Romo Laurensius Sutadi, Pastor Paroki Katedral Santa Gemma Galgani sekaligus Vikaris Jenderal Keuskupan Ketapang mengungkapkan bahwa segala kegiatan acara makan-makan, pentas seni, dan lain sebagainya ini merupakan Perayaan Iman. Itulah yang membedakan antara konser dangdut, konser-konser musik dengan perayaan iman. Romo Sutadi juga mengucapkan terima kasih kepada seluruh umat untuk partisipasi aktif dalam suksesnya perayaan Ulang Tahun sekaligus Pelindung Paroki Santa Gemma Galgani Ketapang. Perlu diketahui, bahwa panitia kegiatan ini berasal dari kerja sama antar ketua-ketua lingkungan di Paroki Santa Gemma Galgani.


Kegiatan Pentas Seni dan Drama Komedi
Dalam perayaan puncak tersebut diwarnai dengan berbagai penampilan-penampilan pentas seni yang dari umat Paroki Katedral Santa Gemma Galgani Ketapang. Ada penampilan Dance dari Monic Priscilla, SEKAMI, dan Loban. Selain itu Mars Katedral St. Gemma Galgani Ketapang dikumandangkan dalam pembukaan acara oleh OMK St. Gemma Galgani. Selain itu ada juga pembagian hadiah dari lomba-lomba seperti lomba mewarnai PIA, lomba masak, dan lomba Volly Putera Puteri. Yang paling menggelitik adalah aksi Drama Komedi yang diadakan oleh Sekami dan juga Keluarga Seriuk Serukui.
Drama Komedi yang diadakan oleh Sekami mengenai kisah Malin Kundang si Anak Durhaka yang dikemas secara modern dan jenaka sehingga mengundang gelak tawa para penonton yang menyaksikannya. Tidak hanya itu, undangan juga dihibur oleh Keluarga Seriuk Serukui yang dibawakan oleh bapak-bapak dan ibu-ibu dengan Bahasa Lokal Ketapang yang khas.


Keluarga Seriuk Serukui sendiri berarti keluarga yang sehati sepemikiran dalam menjalani kehidupan berkeluarga.
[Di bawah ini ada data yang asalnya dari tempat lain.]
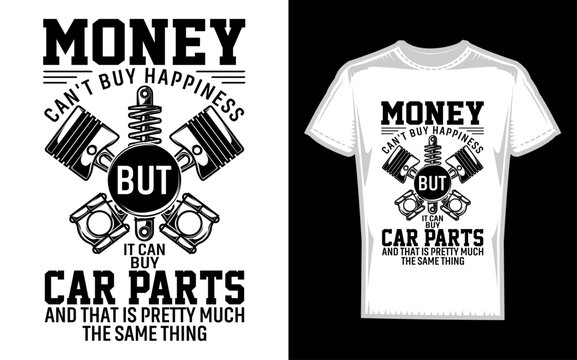 Funny mechanic s humorous quote about money and car parts featuring a distinctive silhouette design for automotive enthusiasts and repair shops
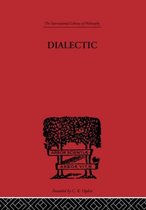 International Library of Philosophy- Dialectic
Di mana dalam Gereja, keluarga merupakan kekuatan dalam hidup menggereja. Garis besar dari drama komedi tersebut dibagi dalam tiga episode. Episode pertama memperlihatkan sosok ibu yang sedang membersihkan rumah dan sang bapak dengan penampilan yang lucu.
Adegan ini berkisah tentang keromantisan rumah tangga. Tiba-tiba masuk sang anak nakal yang hobbynya bermain HP dan memaksa meminta uang. Terjadilah pertengkaran antara ibu dan bapak mengenai cara mendidik anak. Sang anak kemudian disuruh pergi oleh sang bapak, sementara ibu dan bapak bertengkar hebat, ibu melempar dandang, sementara bapak mengeluarkan ketapel mengarah ke istrinya. Tetapi dalam aksi kejar-kejaran itu, sang Bapak terpeleset oleh kulit pisang.



Pada episode kedua, terlihat adegan ibu yang sedang memasak sementara bapak hendak memberikan hadiah kepada istrinya sebuah lato-lato. Di sini terjadi percakapan yang menggelitik antara suami istri tersebut. Selanjutnya muncul seorang figur lain yang membawa anjing sambil melihat ke kiri dan ke kanan seperti memeriksa bangunan. Di tengah dialok, muncul sang anak dengan seragam SMP memanggil-manggil dan minta diantar ke sekolah. Bapak kemudian mengantar anaknya itu ke sekolah dengan menggunakan gerobak.
Di Episode terakhir memperlihatkan sosok Bapak sedang membaca koran, sementara ibu sedang menyiram tanaman. Selanjutnya terjadi dialog lucu lalu muncullah sang anak yang dating menggunakan toga dan membawa ijazah untuk memperlihatkan bahwa ia telah diwisuda.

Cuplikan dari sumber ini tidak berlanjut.